Mengingat pentingnya persoalan Freeport itulah, Masinton yang kini duduk di Komisi III DPR berusaha menginisiasi rekan-rekannya dari sejumlah fraksi untuk mengumpulkan dukungan bagi pembentukan Pansus Freeport.

"Saat Pansus Pelindo II kemarin, saya bersama rekan, menginisiasi anggota lain. Sudah terkumpul 12 tanda tangan dukungan pansus dari anggota yang berasal dari Fraksi PDIP, Gerindra, PKS, Hanura, Golkar dan juga Fraksi Demokrat," kata Masinton.

Menurut Masinton, para anggota yang sudah menandatangani persetujuan pembentukan pansus itu perlu memberikan informasi dan penjelasan ke fraksi masing masing, meskipun untuk dukungan pansus merupakan hak anggota. "Saya sendiri secara formal juga harus lapor ke fraksi," katanya.

Persoalan Freeport yang cukup menonjol dan bisa menjadi bahan penyelidikan pansus antara lain operasional PT Freeport di Indonesia sejak Kontrak Karya I dalam kaitannya dengan kepatuhan pajak, royalti, pembangunan smelter dan lingkungan hidup. Begitu juga dugaan pelanggaran etik dan prosedur formal terkait surat Menteri ESDM 7 Oktober 2015 yang membalas surat Komisaris Utama PT FI James R. Moffet. Surat Menteri ESDM itu telah dijadikan dasar oleh Freeport untuk memastikan perpanjangan kontrak setelah tahun 2021.
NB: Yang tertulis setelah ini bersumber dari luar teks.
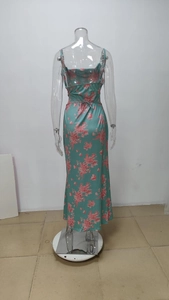 Detail view of backless floral satin maxi dress with adjustable lace-up waist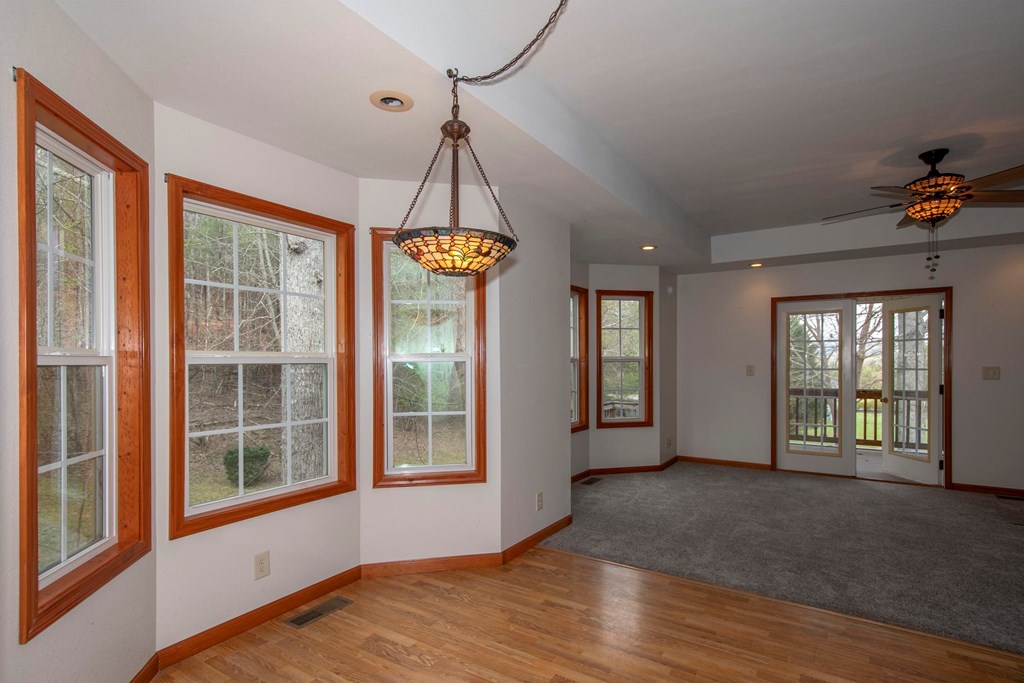 5224 Laurel Ridge Young Harris, GA 30582 - Photo 12 of 39 a view of an empty room with a window and wooden floor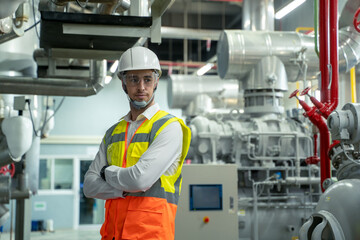 Aufkleber - Technician engineer checking controls system for security functions in service room at factory,Heating,Ventilation,Air Conditioning.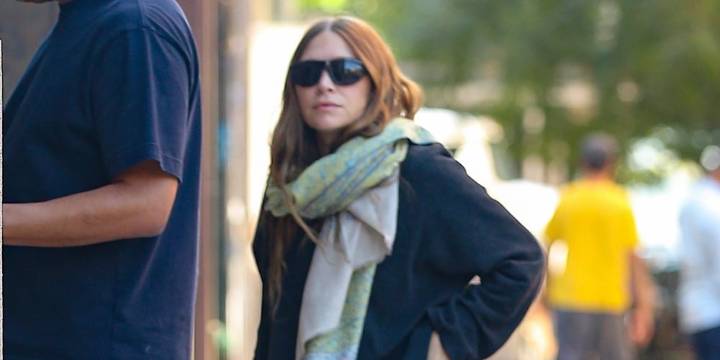 Ashley Olsen Bundles Up in Scarf & Sweater Despite Warm New York City Weather 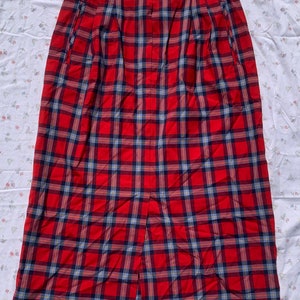 May include: A red, blue, and yellow plaid skirt with a front slit. The skirt has a high waist and is pleated.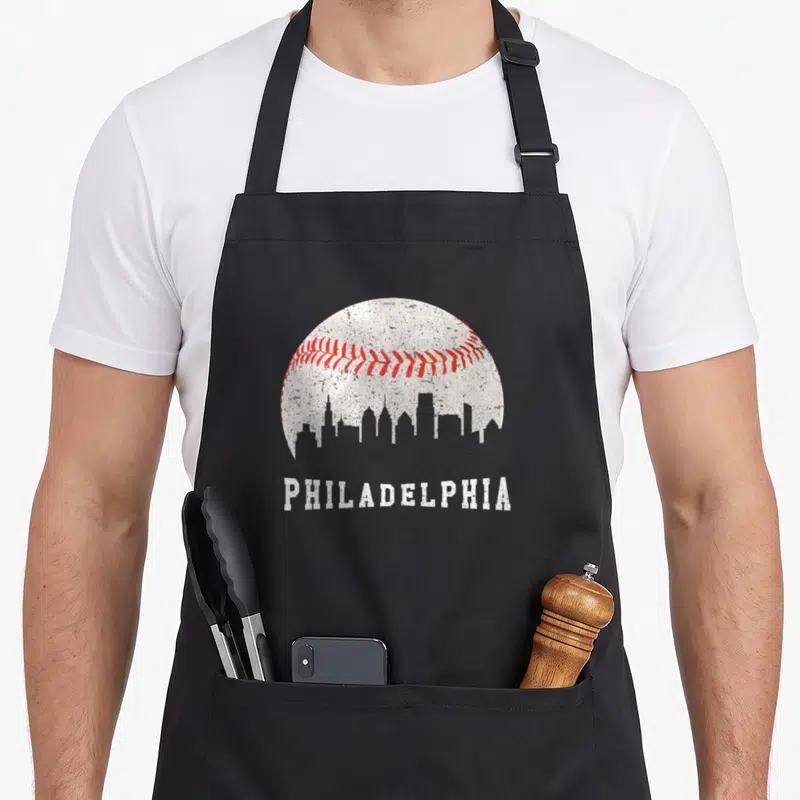 Baseball phillies apron - Distressed white baseball with red stitching and Philadelphia skyline silhouette above text — shown on a black cotton canvas apron against a white background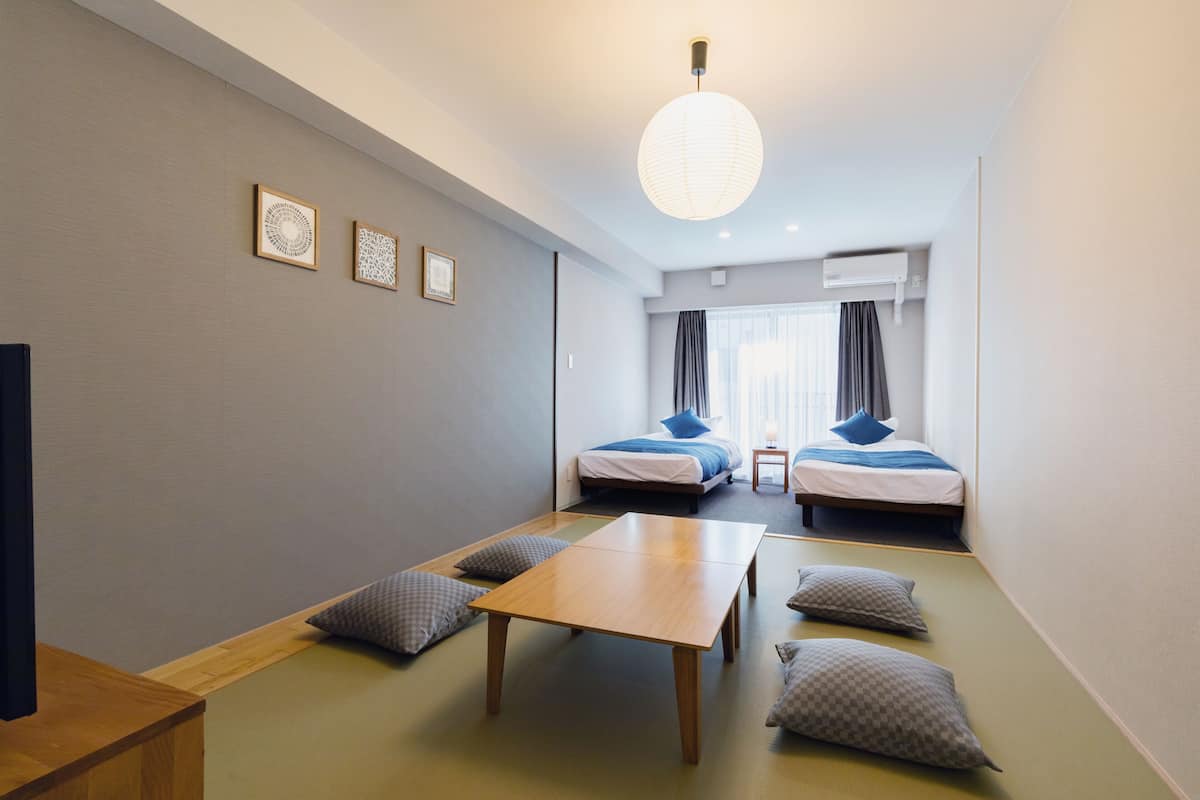 A modern hotel room with two beds, a wooden table, and tatami mats.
Bagi DPR, hal ini cukup serius yakni dugaan pelanggaran peraturan perundang-undangan terkait perpanjangan izin ekspor konsentrat Freeport Indonesia. Apalagi sudah dilakukan 4 kali perpanjangan sejak 2 tahun lalu. Per 28 Januari 2016, izin ekspor habis dan Freeport sudah mengajukan permohonan perpanjangan lagi.